2. MATERIALS AND METHODS
This is a single-center open-label prospective clinical study. The clinical study part was carried out at Overton Brooks VA Medical Center at Shreveport, Louisiana after the approval of the protocol and consent form Institutional Review Board at LSUHSC, Shreveport as well as the Research and Development Committee at VAMC. All the subjects have provided informed consent. The samples for this clinical study were collected at Overton Brooks VAMC, Shreveport, LA between 2006 and 2009. Plasma from the venous blood samples drawn for insulin, C-reactive protein (CRP), tumor necrosis factor α (TNF-a), interleukin-6 (IL-6) and adiponectin and urine samples were stored at −80˚C for until further analysis. For the study of aspirin resistance, supplemental analyses of the samples were carried out at Stratton VAMC and Research Pharmacy Institute at Albany. The inclusion criteria included men aged 30 - 55 years of all ethnic groups with Type 2 diabetes and normal kidney function, evaluated by creatinine < 1.4 and eGFR > 70. One hundred and forty two subjects with Type 2 diabetes were included in the study. Clinical parameters include weight, height, waist circumference, duration of diabetes, history of hypertension, and history of premature coronary artery disease. Basic labs collected include fasting lipids, HbA1c, uric acid, serum creatinine and urine micro-albumin in all subjects.

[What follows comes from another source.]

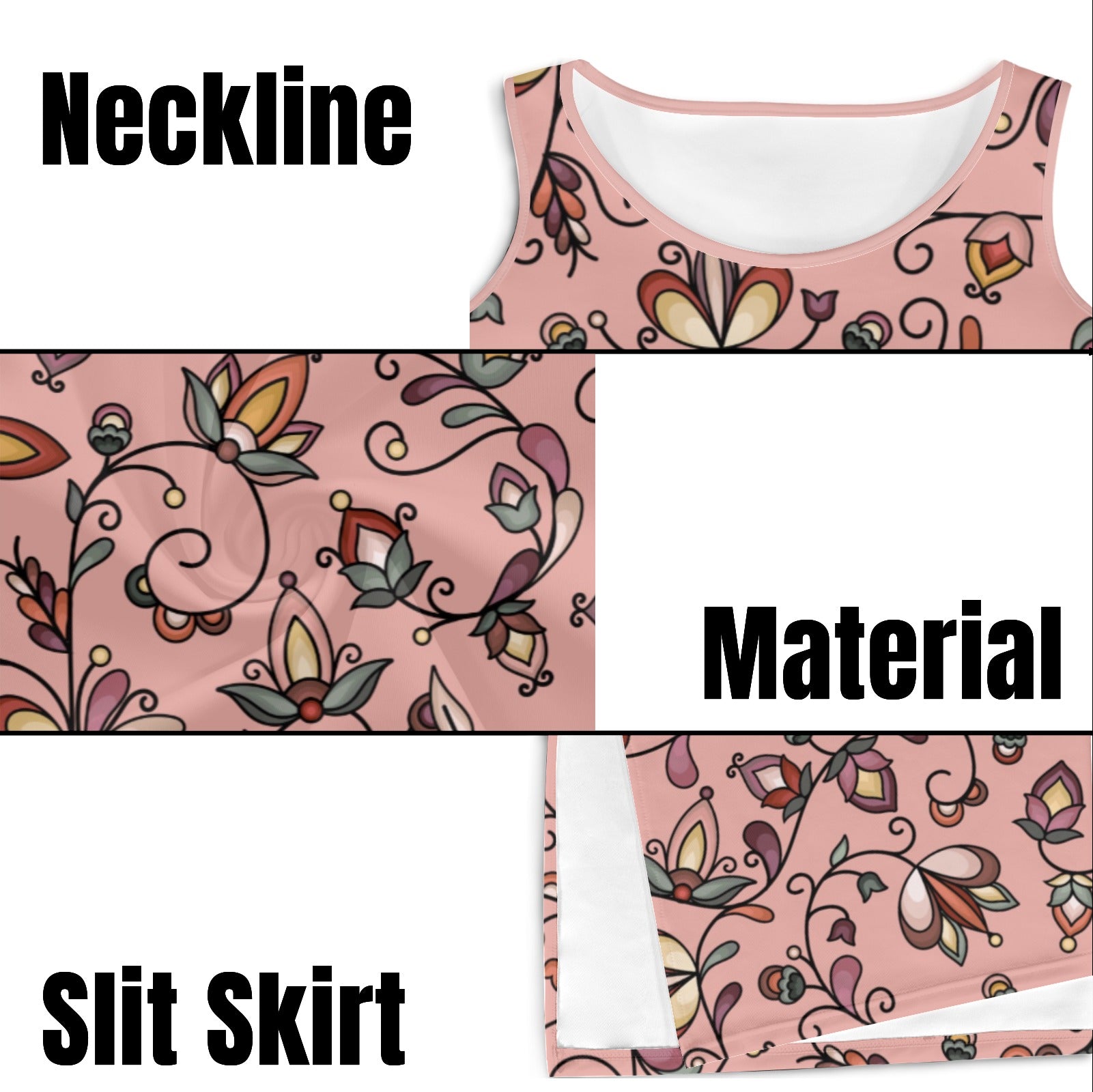 Burnt Sky Petals Peach Phaedra Sleeveless Open Fork Long Dress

Body composition analysis was carried out by DXA.
Laboratory measurements: Levels of total adiponectin, MCP, TNF-a, CRP, IL-6 and insulin were measured in duplicate using commercially available kits (ALPCO diagnostics, USA). The sensitivity of the adiponectin assay is 0.234 ng/mL (range of 0.375 - 12 ng/mL). Interand intra-assay coefficients of variation were 2.8% - 5.5% and 2.97% - 3.84%, respectively. The sensitivity of the CRP assay is 0.124 ng/mL. Interand intra-assay coefficients of variation were 5.5% - 6% and 11% - 13%, respectively. The sensitivity of the TNF-α assay is 4.8 pg/mL. Interand intra-assay coefficients of variation were ±10.8% and 4% - 8.3%, respectively. The sensitivity of the insulin assay is 1 µIU/mL. Interand intra-assay coefficients of variation were 2.6% - 3.6% and 2.8% - 4%, respectively. The insulin resistance index was calculated from fasting glucose and insulin using the formula of homeostatic model assessment (HOMA-R). HOMA-R = (plasma glucose level x plasma insulin level/22.5). Urinary 11-dehydro-thromboxane beta-2 (11DhTx2) concentrations measured using an enzyme immunoassay kit from Cayman chemicals with a specificity of 100% and sensitivity at 120 pg/ml and an intraand inter assay variability of 5% - 7%. Levels of 11DhTx2, a major urinary metabolite of thromboxane at ≥ 1500 pg/mg of creatinine is considered as AR.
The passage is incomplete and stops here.